In this chapter, a general overview of the influence of organisational, social and cultural factors on occupational safety is provided. Reason (1993) suggests that there are three overlapping ages of safety concerns: the technical age, where the emphasis was on operational and engineering solutions to hazards; the human error age, which focused upon the human contribution to accidents, particularly the operators at the ‘sharp end’ of organisations; and, most recently, the sociotechnical age, which recognises that accidents emerge as complex interactions between the technical and the human aspects of systems. The ‘human error’ age reflected research into accidents occurring from the 1930s through to the 1980s, where a growing body of evidence suggested that human factors were a major contributory factor in accident involvement. However, much emphasis was placed on the human contribution at the level of the individual operator, who was present at the scene of the accident. The growth in popularity of systems theory within management science, with landmark publications, such as Senge (1990), saw its wider application, including to organisational safety. A number of articles were published in the 1990s emphasising the need to take a systems approach to organisational accidents (e.g. Cox 1994; Reason 1995). In this theoretical perspective, put very simply, the ‘system’ comprises a number of elements and the relationships between those elements.

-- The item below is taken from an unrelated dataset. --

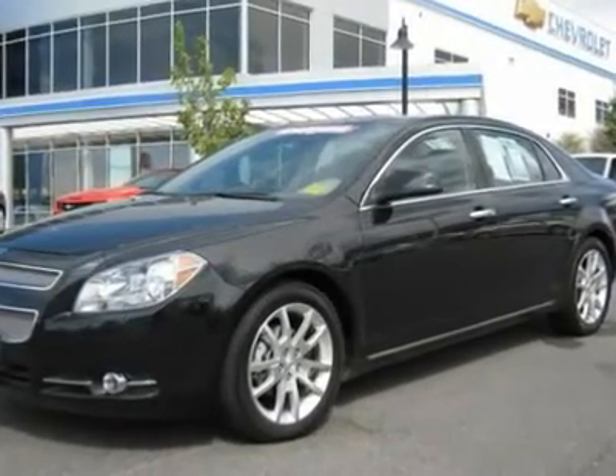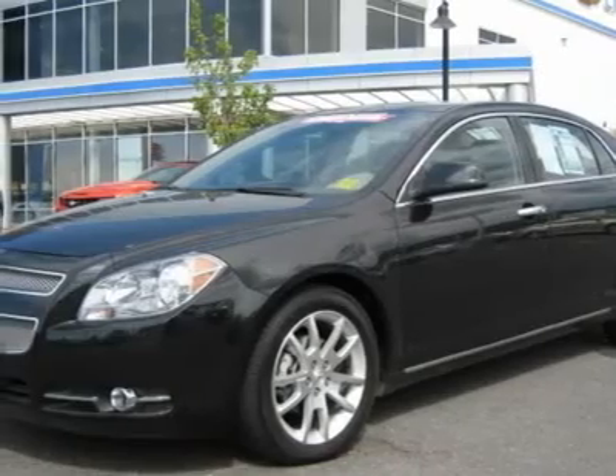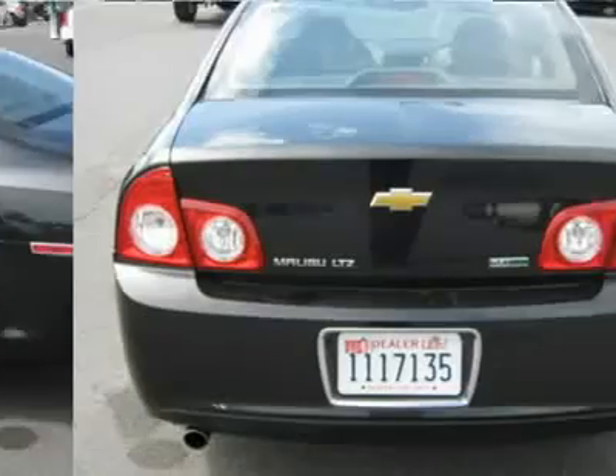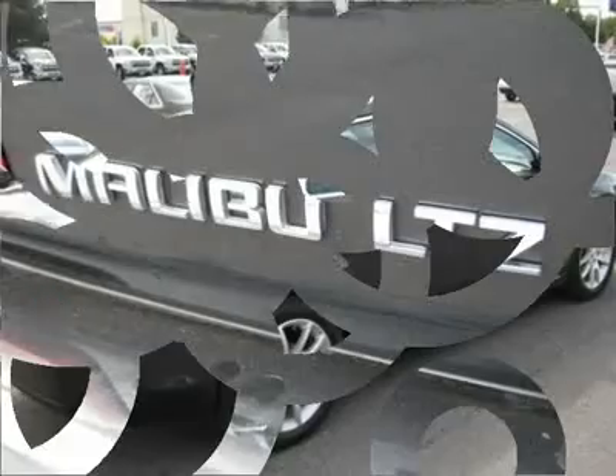2010 Chevrolet Malibu LTZ, four-cylinder, only 26,000 miles. Black granite with two-tone ebony cashmere leather interior, equipped with heated seats, Bose, great fuel economy and a luxury ride.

The system is characterised by feedback mechanisms, whereby the behaviour of one element influences the behaviour of other elements. Open systems have permeable boundaries enabling exchanges with the external environment. This perspective extends the scope of factors that may potentially contribute to accidents to all the elements within the system (e.g. operators, supervisors, managers), and the relationships

between elements (e.g. ergonomic fit between the operator and the working environment). Case study evidence illustrates the complex interactions and multiple factors that lead to organisational accidents (e.g. Turner 1978; Reason 1990; Toft and Reynolds 1994).